Monsieur Ernest Defarge is a morally ambiguous Revolutionary character who often functions as a foil to his more bloodthirsty wife, Madame Defarge. Like Madame and many of the other French revolutionaries, Ernest Defarge has good reasons to despise the aristocracy. He is present when the Marquis responds coldly to the death of a young child and shows his spirit by throwing the coins the Marquis has tossed him back into the carriage. Readers also learn that Ernest Defarge once worked for Dr. Manette and saw the way that the Doctor was unjustly imprisoned by the Evremonde brothers. He also knows the story of his wife’s family, and the horrible things they suffered at the hands of the aristocracy. With this context in mind, it is unsurprising and probably justified that Ernest Defarge becomes involved in Revolutionary activities, including violence.
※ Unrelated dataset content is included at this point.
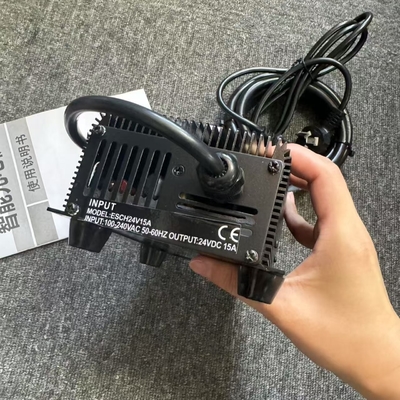 Chargeur de batterie à chariot élévateur ESCH série 24V 15A de haute qualité avec ventilateur de refroidissement silencieux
Nonetheless, Ernest seems to retain his humanity and his loyalty to Dr. Manette. As Madame Defarge explains when she plots to attack and kill Lucie and her daughter, “I cannot trust my husband in this matter. Not only do I feel, since last night, that I dare not confide to him the details of my projects, but I also feel that if I delay, there is danger of his giving warning”. While Ernest Defarge shares his wife’s hatred of the aristocracy, and her desire to create a different social order, he cannot bring himself to support the killing of innocent women and children as an act of revenge. He contrasts with his wife by suggesting that not all Revolutionaries were totally bloodthirsty. However, while he refuses to participate in his wife’s plan, Ernest also does nothing to stop it. He fades from the novel without any mention of how his storyline concludes. Because he cannot fully commit to either participating in violence or working against it, his story ends ambiguously.